Trouvez-vous suffisante cette conception de la poésie ?

Le mot poésie vient du verbe grec poiein, qui signifie « produire », « créer ». Le poète possède dès lors un pouvoir de création verbale qui exploite les ressources inépuisables de la langue. La poésie est un travail sur les mots, un art du langage qui vise à exprimer ou suggérer des idées en jouant sur les sonorités, le rythme et la musicalité. A l’origine, la poésie était chantée ; on l’accompagnait d’une lyre, en référence au mythe antique d’Ovide Orphée aux Enfers. C’est ainsi que nait la notion de poésie lyrique ; chaque auteur révèle une partie de son âme dans son œuvre en faisant partager ses sentiments et ses émotions. Alphonse de Lamartine définit la poésie dans sa préface au Recueillement poétique comme étant « le chant intérieur. […] Je passe quelques heures assez douces à épancher sur le papier, dans ces mètres qui marquent la cadence et le mouvement de l’âme, les sentiments, les ides, les souvenirs, les tristesses, les impressions dont je suis plein … ». Néanmoins, la poésie se limite-t-elle seulement à l’expression des sentiments personnels ? Nous verrons dans un premier temps que la poésie est effectivement définie par le lyrisme ; dans un second temps, nous montrerons que celle-ci peut aussi servir à décrire son époque ; enfin, nous finirons par étudier son pouvoir de transformation du monde.

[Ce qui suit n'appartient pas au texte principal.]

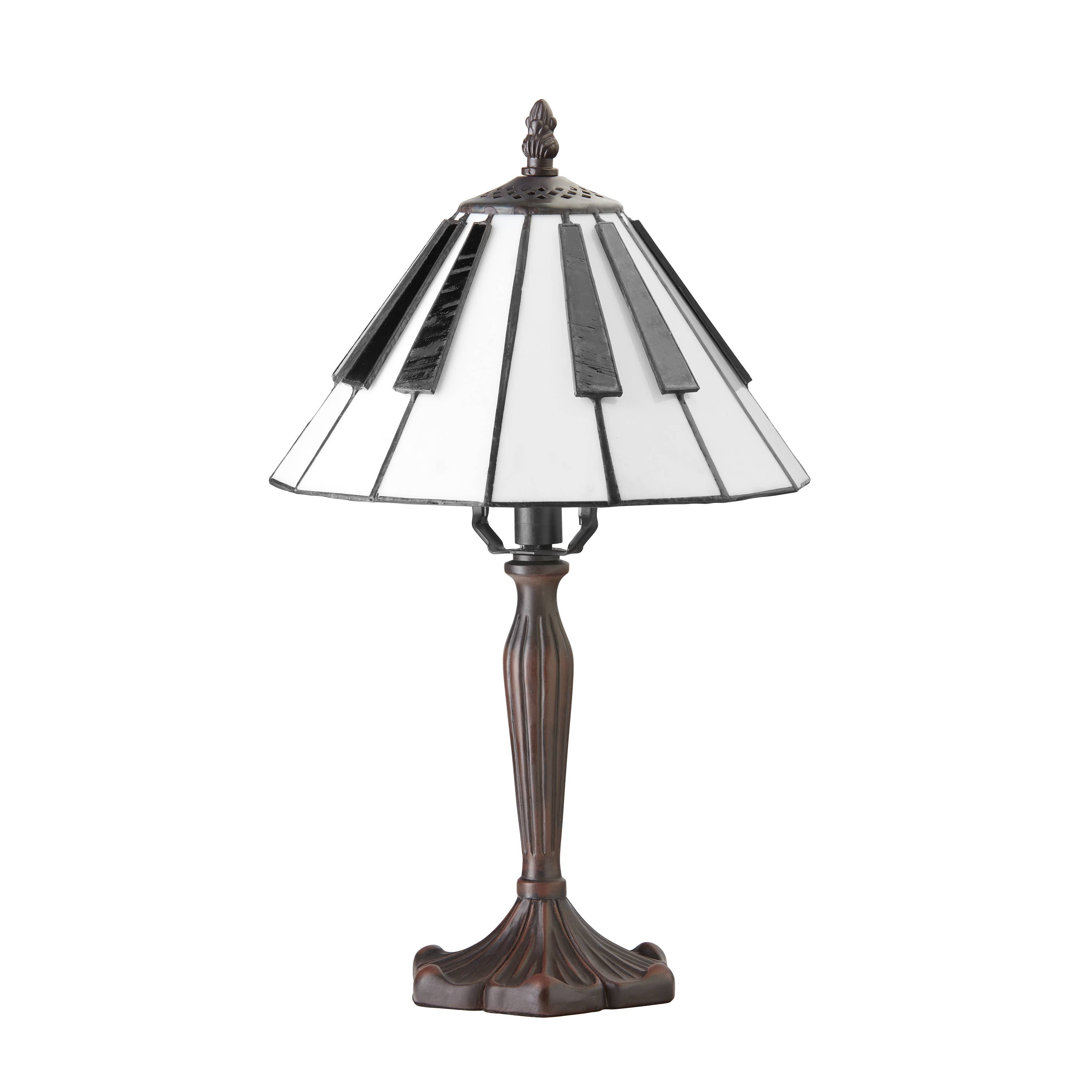 16"H Black and White Stained Glass Piano Keys Table Lamp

Certes, la poésie est un moyen pour le poète d’extérioriser ses sentiments, notamment par le biais du registre lyrique. Elle lui permet de coucher, sur le papier, ses émotions, sa sensibilité ou encore son intimité. Le lyrisme est ainsi une tonalité majeure de la poésie ; elle se retrouve partout, du Moyen-Âge avec les troubadours jusqu’au XXème siècle avec les poèmes d’Aragon ou d’Eluard. La poésie lyrique est centrée sur l’auteur lui-même ; elle chante ses bonheurs, ses joies, comme ses malheurs, ses doutes et ses craintes. Le poète est ainsi disposé à faire transparaitre sa joie, sa gaité ou encore son amour pour la femme aimée à travers ses écrits. Paul Verlaine, dans son « Rêve familier », déclame sa passion et son attirance pour un être inconnu. Cet amour est possessif et intégral, puisque son cœur « Pour elle seule, hélas ! cesse d’être un problème. » L’anaphore « pour elle seule » illustre à juste titre cette impression de dévotion totale que le poète éprouve pour sa bien-aimée ; il n’aime qu’elle, et elle n’aime que lui. Sa voix, « lointaine, et calme, et grave » rappelle même des souvenirs heureux à ce dernier ; il se remémore des « voix chères qui se sont tues ». Dans « Ma Bohème » de Rimbaud, le poète est en proie à un enthousiasme enivrant depuis sa récente fugue, comme nous le montre l’apostrophe « Oh ! là là ! que d’amours splendides j’ai rêvées ! ». Il s’agit d’un vagabondage heureux et insouciant. Ce voyage n’a aucun but ; le poète erre au gré du hasard et de ses fantaisies. On a même l’impression qu’il fusionne avec la nature, un thème particulièrement prisé par les auteurs lyriques, et que Rimbaud reprend lui-même à de nombreuses reprises dans son recueil Poésies.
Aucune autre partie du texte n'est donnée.